Unter der „demokratischen Sicherheit“, wie der Präsident Uribe seine paramilitärische Politik von 2002 bis 2010 nannte, folgte der nun zur zweiten Amtszeit gewählte Präsident Santos. Auch wenn die Politik der politischen Isolierung unter Santos fortgeführt wurde, so konnte die Guerilla national und international neue Kontakte knüpfen und schließlich die politische Arbeit neu organisieren. Ziel der Internationalen Kommission war es, in Briefen und Mitteilungen die internationale Gemeinschaft davon zu überzeugen, dass der soziale und bewaffnete Konflikt nur über den politischen Weg gelöst werden kann und die FARC-EP dafür als gleichberechtigter Partner und als kriegsführende politisch-militärische Organisation anerkannt werden müssen. Im Zuge der Friedensgespräche von Havanna in Kuba wird diese Aufgabe zur Erreichung des Ziels nun weiter intensiviert.

 

Auch wenn mit den Friedensgesprächen die FARC-EP als ein politischer Partner anerkannt und der Prozess international begleitet wird, so ergibt es keinen Sinn, dass die Aufständischen weiterhin als Terroristen gelten. Mit mehreren Maßnahmen in den letzten Jahren, wie die Einstellung von Entführungen auf finanzieller Grundlage, Freilassung von Kriegsgefangenen und einseitigen Waffenstillständen hat die FARC-EP ihren Willen für eine friedliche Lösung bekräftigt und gezeigt, dass sie als kriegsführende Partei anerkannt gehören.
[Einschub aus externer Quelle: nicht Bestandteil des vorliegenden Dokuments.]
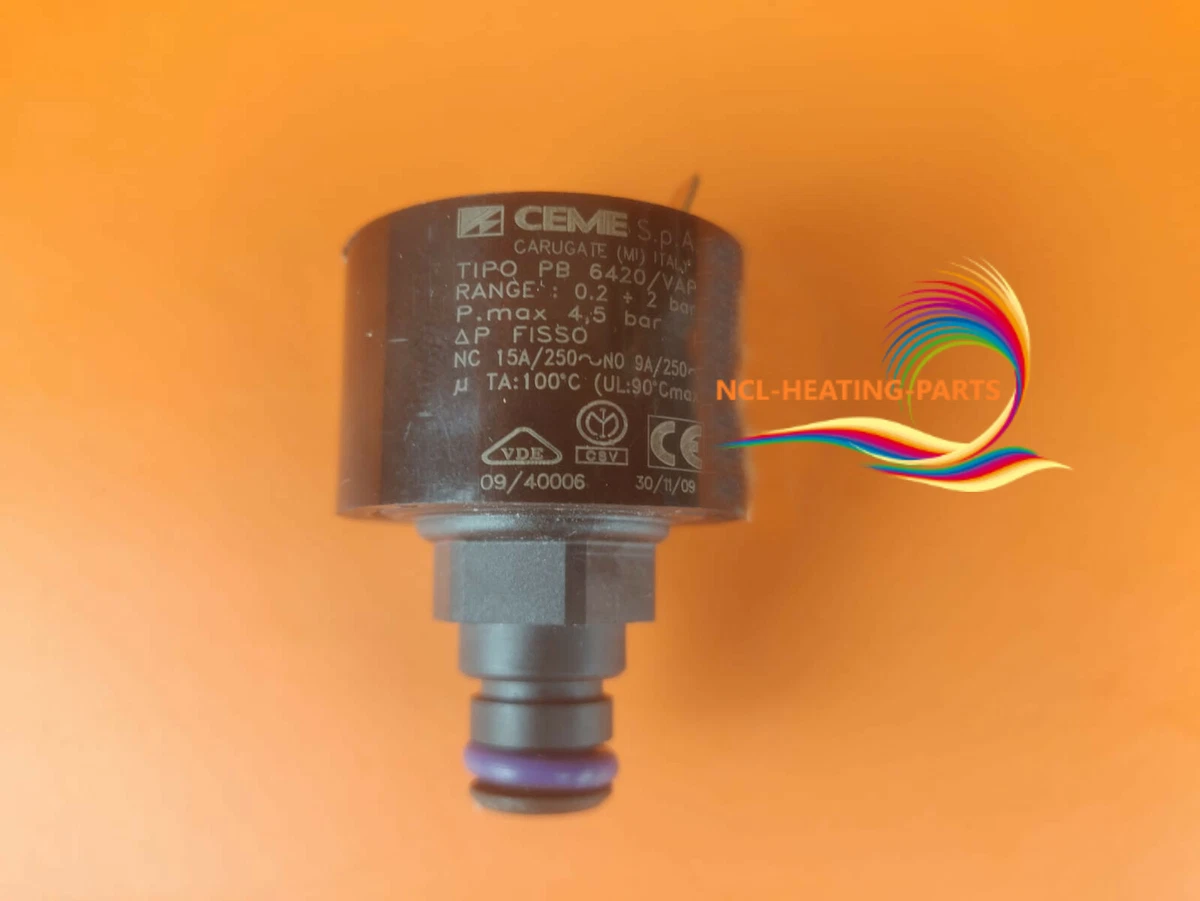 FERROLI OPTIMAX HE PLUS 31C u0026amp; 38C BOILER LOW WATER PRESSURE SWITCH  39818260 | eBay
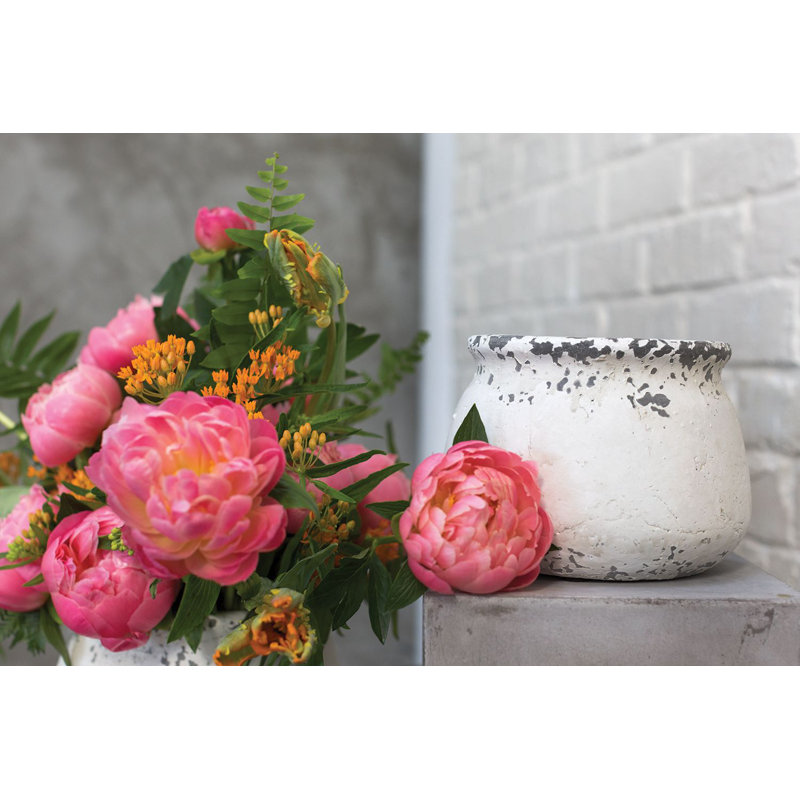 Pot de fleurs en céramique Gjelosh, H 5,25 po x l 7 po x P 7 po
Nun ist es Zeit für die Europäische Union, die FARC-EP von der schwarzen Liste der „terroristischen Organisationen“ zu entfernen und damit die Diplomatie der Guerilla mit allen relevanten Garantien zu ermöglichen. Das wäre der beste Beitrag zum Frieden in Kolumbien.

 

Solidarität mit der aufständischen Bewegung FARC-EP!